Temblorosas, arrugando su piel gris moteada
al menor rozamiento de céfiros y de moscas,
las potrancas, no lejos de los grandes toros salvajes,
trotan sobre los bordes del pastizal aislado.
Dentro de este valle tranquilo donde las zarzas vegetan
y que cubre de bruma el horror de los juncos extendidos,
la langosta une su agrio ruido
a los relinchos cortos y estridentes que ellas sueltan.
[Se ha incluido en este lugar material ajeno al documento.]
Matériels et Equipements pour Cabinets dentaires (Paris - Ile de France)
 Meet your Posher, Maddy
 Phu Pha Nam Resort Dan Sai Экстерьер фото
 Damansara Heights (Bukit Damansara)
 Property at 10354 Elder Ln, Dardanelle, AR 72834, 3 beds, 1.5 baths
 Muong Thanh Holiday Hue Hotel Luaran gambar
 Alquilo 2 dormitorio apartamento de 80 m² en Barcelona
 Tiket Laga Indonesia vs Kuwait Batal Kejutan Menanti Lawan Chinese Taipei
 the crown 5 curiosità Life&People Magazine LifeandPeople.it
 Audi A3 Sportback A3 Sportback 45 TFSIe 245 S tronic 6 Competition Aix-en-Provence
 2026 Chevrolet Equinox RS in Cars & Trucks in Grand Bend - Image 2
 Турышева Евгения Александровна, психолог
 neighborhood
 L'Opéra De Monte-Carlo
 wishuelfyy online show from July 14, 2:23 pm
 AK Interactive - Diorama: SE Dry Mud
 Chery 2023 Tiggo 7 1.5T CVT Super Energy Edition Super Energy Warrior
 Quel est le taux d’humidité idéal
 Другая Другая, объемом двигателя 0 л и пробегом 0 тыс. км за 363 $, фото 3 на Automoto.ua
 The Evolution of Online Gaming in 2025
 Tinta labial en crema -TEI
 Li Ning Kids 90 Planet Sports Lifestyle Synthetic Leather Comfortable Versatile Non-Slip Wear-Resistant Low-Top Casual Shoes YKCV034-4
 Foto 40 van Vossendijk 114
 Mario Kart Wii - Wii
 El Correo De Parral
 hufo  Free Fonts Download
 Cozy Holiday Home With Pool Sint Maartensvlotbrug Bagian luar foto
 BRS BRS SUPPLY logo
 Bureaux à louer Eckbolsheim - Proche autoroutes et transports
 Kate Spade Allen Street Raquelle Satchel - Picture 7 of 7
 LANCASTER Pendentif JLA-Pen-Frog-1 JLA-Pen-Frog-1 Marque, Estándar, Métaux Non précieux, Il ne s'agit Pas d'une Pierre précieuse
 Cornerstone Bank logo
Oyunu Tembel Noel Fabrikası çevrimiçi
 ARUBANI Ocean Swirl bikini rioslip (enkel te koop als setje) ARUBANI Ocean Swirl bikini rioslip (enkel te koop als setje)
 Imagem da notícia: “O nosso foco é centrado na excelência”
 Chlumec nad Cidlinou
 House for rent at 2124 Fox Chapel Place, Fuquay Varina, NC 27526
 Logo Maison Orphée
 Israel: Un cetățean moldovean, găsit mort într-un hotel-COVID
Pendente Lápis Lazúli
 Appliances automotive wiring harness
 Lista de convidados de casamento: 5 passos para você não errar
Alzando sus corvas finas y su cuello con mucho cabello,
ellas tiemblan de miedo al ruido del tren que pasa,
y sus ojos inquietos interrogan el espacio
desde el árbol leproso hasta el peñasco velludo.
Y mientras se oye pronunciar las sílabas
en los ecos del barranco lleno de sombra y de estrépito,
ellas hinchan al viento sus ollares delicados,
orgullosos como los de la zebra y las yeguas árabes.
El chaparrón del que el sol se embalsama, y que dentro del agua
crepita dibujando los círculos que se entrelazan;
las láminas de plata blanca que pulen y paralizan
el tronco del joven roble y el del abedul.
Una liebre que se sienta sobre las espumas crespas;
los carros quejumbrosos dentro de un camino profundo:
tantas visiones dulces que satisfacen
la curiosidad de las potrancas hartas.
Lo mismo considerando a los charlatanes y los arrendajos
que vienen en plan de amigos a contarles historias,
ellas tienen todo el brillo de sus pupilas negras:
¡Es el fuego centelleante bajo los globos de azabache!
Ellas mezclan a menudo a sus dulces discordias
el ávido recuerdo de sus madres yeguas
y van con vivos y gentiles movimientos
a mordisquearse el vientre y tetarse entre ellas.
Su grupa se pavonea, y su copete alegre,
se escapan del cabestro en cuero que les ata,
a veces sobre su frente plana deja ver una mancha
ovalada de pelos blancos alisados como los ojos.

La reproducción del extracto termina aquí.